Correspondingly, it cannot be said that Archimedes (or some other Greek) started science (compare Bacon); nor did it all start in India, for some little science must have been there even at very early times.

There were different contributions from different cultures. Ideas did travel (both ways), but not all of them were accepted along their way by local cultures. For example Indians borrowed the idea of epicycles from the Greeks, but used it very differently: the smaller circle moving along the circumference of the bigger one could keep changing its diameter. This would have shocked the Greeks because for them it would spoil the symmetry and beauty of a model based on just circles. To the Indians, however, the resulting kinky ellipse-like curve was computationally simpler and more efficient. It was the sort of thing that Bhaskara said would bring aananda to the ganakas !

Indians never really took to Euclid till it came out of Macaulay’s bookshelf into the educational system he prescribed for India in the 19th century. In the Indic Nyaya system of knowledge creation (although it makes no reference to the Greeks), the method of hypothesis to conclusion based on (deductive) logic is frowned upon, because the basis for taking the hypothesis as a given truth could not be justified. You have to compare it with or base it on observation. This is where Bacon made his leap, coupling hypothesis and inference.

Pratyaksha (observation, including experiment) was the number one pramaana (i.e. source of valid knowledge) in all schools of Indian philosophy; it was universally accepted. This must have been one of the few things that all of them agreed on! The second was anumaana (inference), accepted by every school except the Lokaayatas. As Neelakantha says, knowledge arises pratyakshena anumaanena – from observation and from inference.

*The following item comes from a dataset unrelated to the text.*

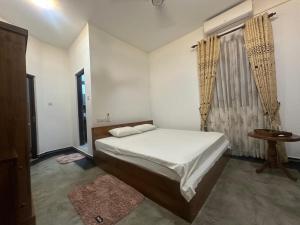 a small bedroom with a bed and a window at Lanka Villa Beruwala in Beruwala +5 photos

SK: What about the aagamic pramaana?

After getting an interesting mathematical result, Neelakantha says etatsarvamyukti-moolam, natuaagama-moolam: all of this [comes] from intelligent reasoning, not from the aagamas. Such a statement could not have been safely made in the Europe of his time (~ 1500 CE).

SK: Aagama can also be taken as existing accumulated knowledge rather than scriptural, an important if not decisive source of knowledge.

The aagamas were indeed accepted as a third pramaana in some Indic philosophical systems. What you mention is close to what the Saamkhya philosophers call aapta vacana (the word of the trust-worthy), which they accept as the third pramaana after pratyaksha and anumaana, but they make it clear that Vedic knowledge is not privileged, because it is also essentially human in origin, so potentially fallible like any human work. In Nireeshwara Saamkhya they say there is no evidence (pramaana-abhaava) for God. Of course they don’t say that there is no God, but only that there is no evidence for it.

Classical Indic scientists rarely appealed to scriptural knowledge in their science; however many of them, including Neelakantha, were also very accomplished Vedic scholars. In general, the great scientists (e.g. Charaka, Bhaaskara) had respect for Saamkhya thinking. How can you say all this was not rational?

The history of ideas, it seems to me, is chequered, and that makes it fascinating – more fascinating than that of kings and battles.